Supergee points to a two-question "Quick and Painless Enneagram Test." The Enneagram being (among other things) yet another model of personality types. (That Wikipedia article has a bunch of interesting stuff in it about the history of the Enneagram; looks like the symbol was first used (at least in modern times) by Gurjieff and Ouspensky.)

The test has two questions, each of which present three choices; there are thus obviously nine possible results. I took it and got a result that seemed reasonably accurate. But then I tried some alternate answers and got other results that seemed just as accurate.

It seems that I'm a One, Two, Five, and Nine. For each of those, about 3/4 of the description bullets seemed to match me pretty well, and at least one bullet in each of those categories was very accurate for me. I didn't see the Six outcome, but I gather that it would match me reasonably well too.

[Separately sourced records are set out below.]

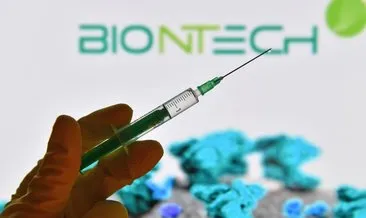 BioNTech aşısına 12-15 yaş onayı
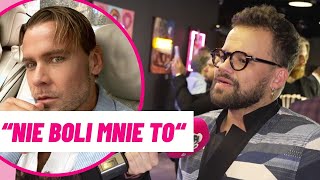 Piróg ostro odpowiada na 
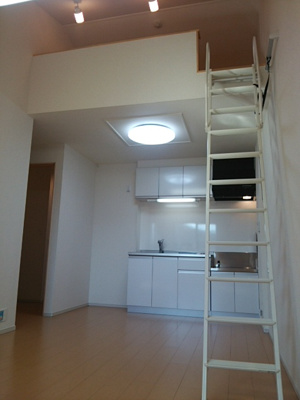 【居間・リビング】 | サニーハウスHagiwaraII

(On the other hand, I don't think any of the "you're definitely an x if you do y" cartoons on the results pages matched for me.)

In short, for me this test has the same problem that most personality tests have: the categorizations are so vague and broad that too many of them (roughly half in this case) seem to be accurate descriptions. (That may, of course, just be me; it may well be that most people do find one or two of the nine boxes significantly more accurate than the others in describing them.)

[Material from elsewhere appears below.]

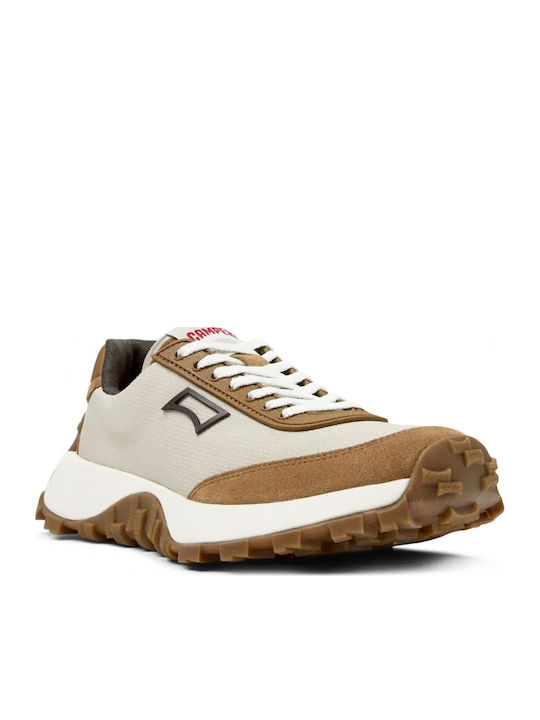 Drift Trail Sneakers Gray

Of course, for the makers of personality tests, that's not a flaw; that's the hallmark of a good test, because it means almost anyone who takes the test will come away feeling that it described them well.

That's one reason I like the Myers-Briggs test, despite its flaws; it does a reasonably good job of putting me in one of its sixteen boxes (well, okay, actually midway between two of them), and the other categories aren't very good descriptions of me.

(But mostly I like the Myers-Briggs because it exposed me to the introvert/extrovert distinction, and specifically to the idea that extroverts gain energy from social interaction; it had never occurred to me that that could happen, and it explained a lot about my extrovert friends.)

2 Responses to “Enneagram meme”

  1. Fred

    Since Gurdjieff and Ouspensky were raving loonies, this makes me very very uninterested in this thing. My hippie uncle, the one who lives in a commune in Vermont, swears by it though.

  2. Dan P

    Person-typing fascinates me, from astrology to more respectable efforts like the Meyers-Briggs. I have to say that in my small sample size, the M-B seems to have only about twice the specificity of the enneagram: instead of not rejecting about a third to a half of the enneagram types, people I’ve talked to don’t reject about a sixth to a quarter of the M-B types (and which quarter can depend on who’s writing the type descriptions).

    My favorite moment of M-B metacriticism was reading that people of the type that I tested into on that particular run of the test “resist being labeled.”

    I gather that personality psychologists juggle a variety of models these days. There’s an interesting comparative table here: http://www.personalityresearch.org/bigfive.html#table. (Elsewhere on that site, I found this “Big Five minitest,” which appears to be the jumping-off point for that johari/nohari meme that I’ve seen filtering around lately.)

    Oh, and how could I forget: did I ever mention the Hartman Value Profile to you? There was an interesting segment on Robert Hartman (no relation?) and his test at the end of the radio show “Time to Save the World” on This American Life. There’s also an unofficial online Hartman Value Profile test, with a not-very-informative results page.